The unpainted aircraft – registered as N3765L – flew as high as 28,000ft and up to Mach 0.6 to test basic handling, plus various systems including the flaps, landing gear, anti-ice and pressurization.
Cessna flight test pilot Aaron Tobias says the nine-seat jet “behaved just as anticipated”.
The Latitude follows Cessna’s recent formula for product development, with an emphasis on reusing some technologies while adding capability in new areas.
The Latitude shares the wing, aft section and the Pratt & Whitney Canada PW306D engine with the 12-seat Citation Sovereign+.
But it introduces a wider and taller cabin, stretching the width 28cm to 1.96m and the height by 10cm to 1.83m.

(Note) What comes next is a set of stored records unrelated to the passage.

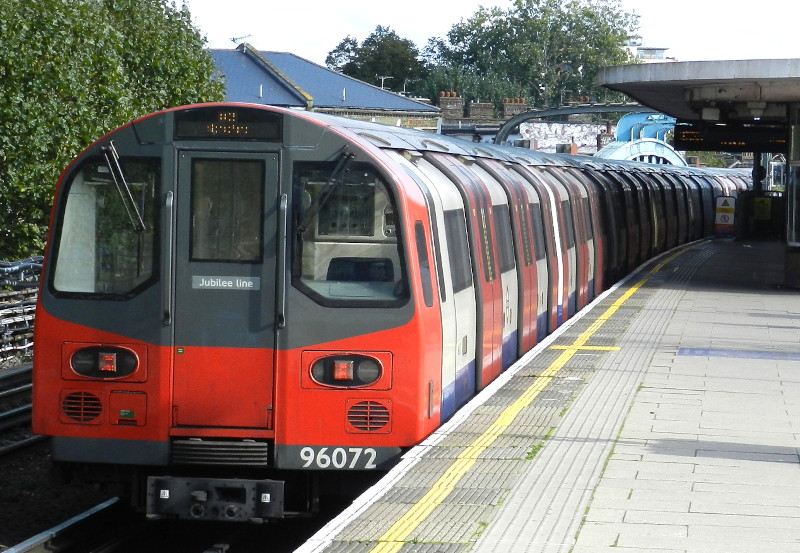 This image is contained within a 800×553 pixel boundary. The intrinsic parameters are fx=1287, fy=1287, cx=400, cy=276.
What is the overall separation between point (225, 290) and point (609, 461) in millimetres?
2628

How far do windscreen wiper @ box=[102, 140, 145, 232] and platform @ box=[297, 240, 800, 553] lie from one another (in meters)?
2.20

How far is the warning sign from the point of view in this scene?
40497 mm

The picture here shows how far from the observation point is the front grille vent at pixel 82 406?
791cm

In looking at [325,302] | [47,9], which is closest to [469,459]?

The 2,500nm-rnage Latitude also falls neatly within the gap created between the 3,000nm Sovereign+ and the 1,722nm Citation XLS+.
It also features the Garmin G5000 integrated flight deck.
The programme remains on track to be certificated by the US Federal Aviation Administration under Part 25 airworthiness regulations in the second quarter of 2015.
The Latitude will compete in a market segment offering roughly 2,300nm-2,500nm range for seven to nine passengers, which is currently occupied solely by the Bombardier Learjet 75 with the demise of Hawker 750 production last year.
More competition is coming to that segment of the market. Embraer plans to deliver the fly-by-wire Legacy 450 around the second quarter of 2015.
The Latitude is the latest in a string of development milestones by Cessna. The company certificated the Citation M2 and Sovereign+ models at the end of last year. The next goal is to soon certificate the new version of the Citation X, which will become the fastest jet in commercial service with a top speed of M0.925.
Cessna is also developing the super mid-size Citation Longitude for delivery in 2017. The clean-sheet design incorporates fly-by-wire spoilers.